By Pedro Widmar, Contributing Reporter
RIO DE JANEIRO – Just weeks away from the beginning of what will undoubtedly prove to be months of fierce presidential campaigning, José Serra, current governor of Sao Paulo, remains in a strong position. Despite not having formalized his candidacy, Serra continues to come out on top in both simulated and spontaneous polls.
The Serra camp has faced some difficulties in recent weeks with attacks made by, and directed at, the PT (Worker’s Party). The debacle began after accusations by Sergio Guerra, president of the PSDB (Social Democrat Party), that Serra’s strongest opponent for the presidency Dilma Rousseff, was a liar.

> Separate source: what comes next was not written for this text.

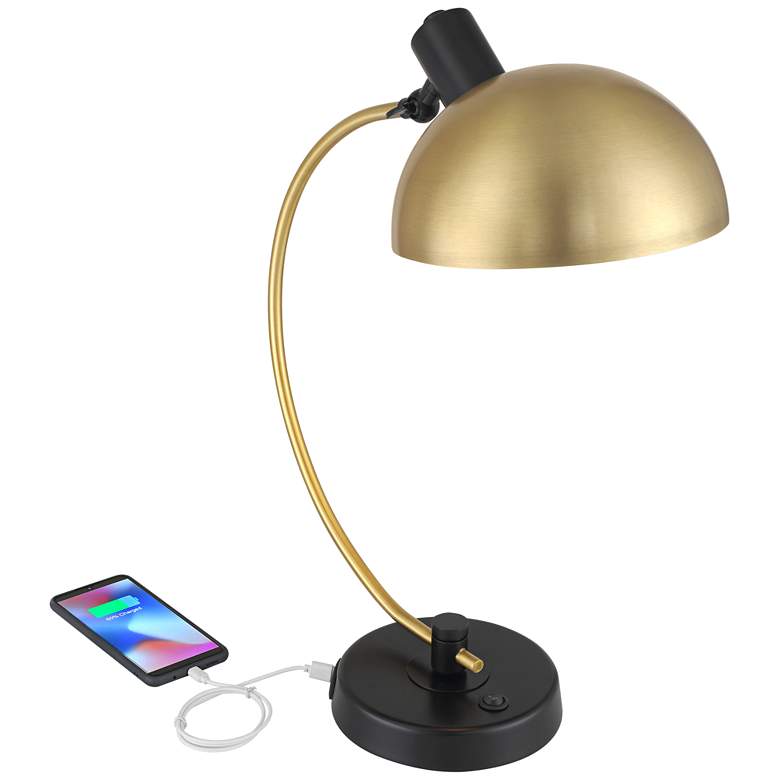 Image 3 Possini Diego 28 1/2" High Black and Gold Adjustable USB Desk Lamp more views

“She has lied about her job, her resumé, and now about her political opponents,” said Guerra in a note to the press. He referred to Dilma’s resumé, where under education the current Chief of Staff has listed a Masters and Doctorate, which remain uncompleted.

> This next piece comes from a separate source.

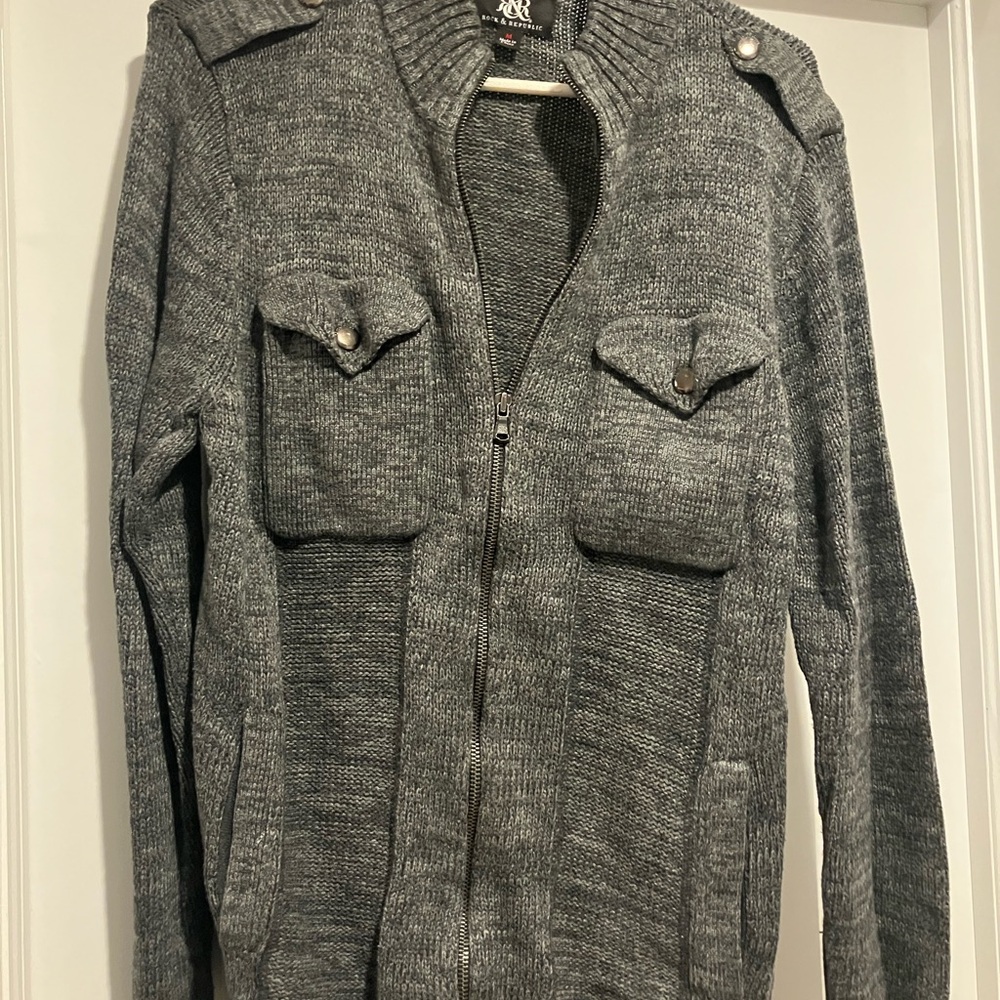 Rock & Republic Gray Zip-Up Sweater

Dilma’s PT party leaders replied by referring to Guerra as merely Serra’s henchman; “While he (Serra) claims to be devoted to his work and refuses to stoop to pre-election bickering, he uses his political henchman to make these kinds of accusations,” they noted.

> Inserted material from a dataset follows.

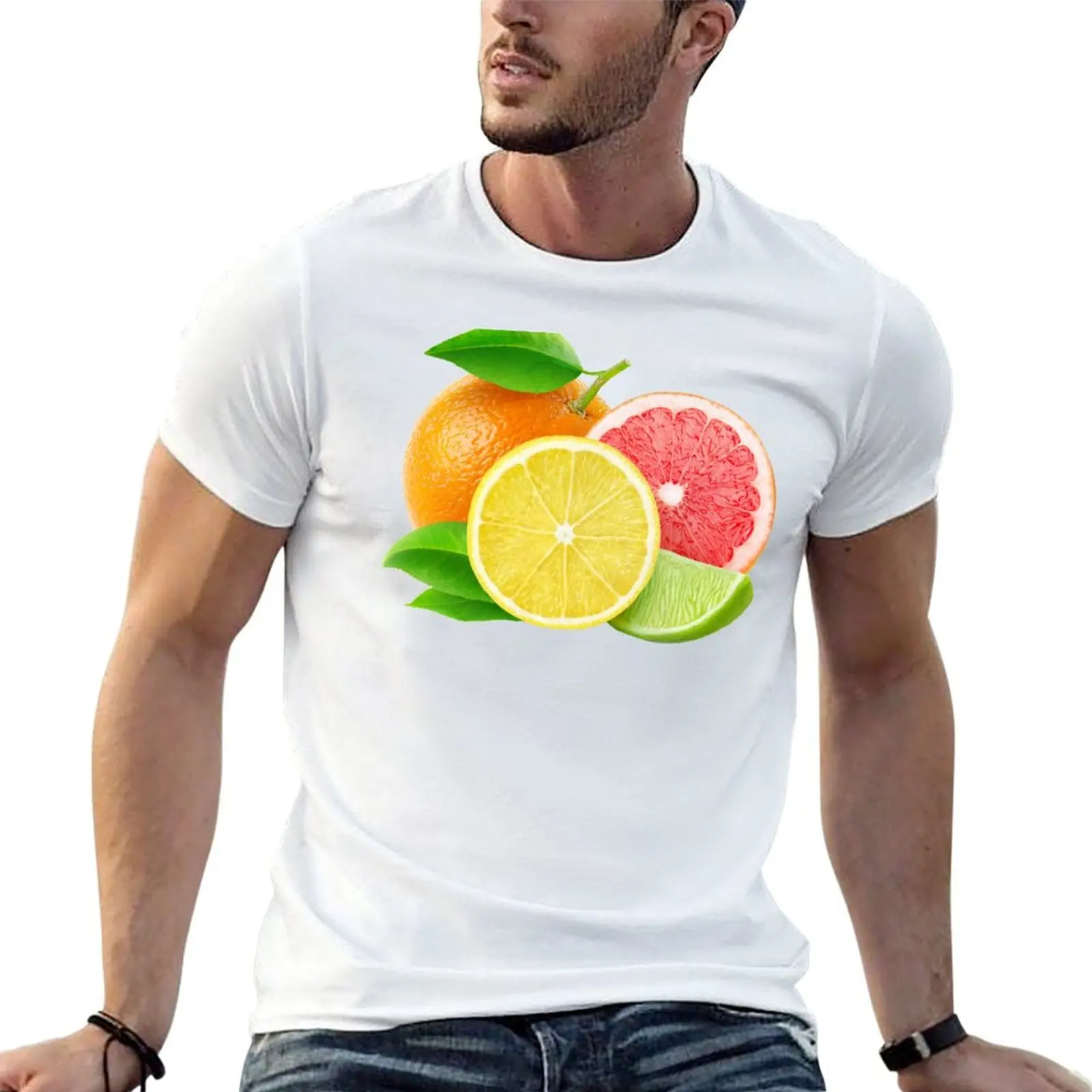 Various citrus fruits T-Shirt Basic Simple Casual Short Sleeve Tee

However, the bickering has failed to hurt Serra’s numbers. In a spontaneous poll, where people are asked who they would vote for without being given names to choose from, Serra is technically tied with Rousseff for first place at 9.3 percent of the vote (Dilma scores 9.5 percent). Yet in the simulated poll, where the voters were given a list of the top four names, he leads with 33 percent of the vote.
When the options drop to just three names, leaving out Ciro Gomes of the PDT (Workers Democratic Party), Serra jumps ahead with nearly 41 percent of the vote. It is worth noting that in the spontaneous poll President Lula, who is not eligible for re-election, receives 18.7 percent of the vote.
Serra continues to keep his head down. When asked about the elections the Governor has refused to comment, replying that he is too busy with his current job governing Sao Paulo. Commentators and party men alike have suggested that Serra’s tactic will be to wait out the inevitable announcement of Rousseff’s candidacy and allow time for the fervor of the populist ticket to die down before planting his flag.
Regardless, the opposing candidate will face a tough battle in the coming months. The PSDB has been split over presidential support and with a weakened base, Serra will have to work hard to settle coalition negotiations.
In Rio de Janeiro for example, potential supporter Fernando Gabeira belongs to another likely presidential candidate Marina Silva’s PV party. This could create problems for Serra’s visibility in this part of the country due to his probable inability to campaign with Gabeira, who narrowly lost out in the Mayoral elections in 2008 to Eduardo Paes.
Despite all the obstacles the candidates will face building up to October, it is clear that Serra has a strong lead thus far. And if the candidate can rouse such strong support without even campaigning, it will be interesting to see how the early stages of the presidential race shape up when he does officially launch his bid before the deadline in June.